## Task item
Please copy the last part of the entries exactly: the line that has "T-Shirt Druck Teamshirt" and every line up to and including the end, nothing more.

## Record set
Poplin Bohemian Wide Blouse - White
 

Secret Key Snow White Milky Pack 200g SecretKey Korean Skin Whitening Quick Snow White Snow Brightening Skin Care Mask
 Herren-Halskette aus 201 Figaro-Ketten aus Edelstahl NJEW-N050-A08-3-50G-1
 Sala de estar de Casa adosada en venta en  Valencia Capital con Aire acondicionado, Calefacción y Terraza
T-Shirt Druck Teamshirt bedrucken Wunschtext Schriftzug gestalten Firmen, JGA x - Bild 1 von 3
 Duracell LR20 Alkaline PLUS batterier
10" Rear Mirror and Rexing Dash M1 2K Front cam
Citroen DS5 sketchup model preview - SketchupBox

## Response box
T-Shirt Druck Teamshirt bedrucken Wunschtext Schriftzug gestalten Firmen, JGA x - Bild 1 von 3
 Duracell LR20 Alkaline PLUS batterier
10" Rear Mirror and Rexing Dash M1 2K Front cam
Citroen DS5 sketchup model preview - SketchupBox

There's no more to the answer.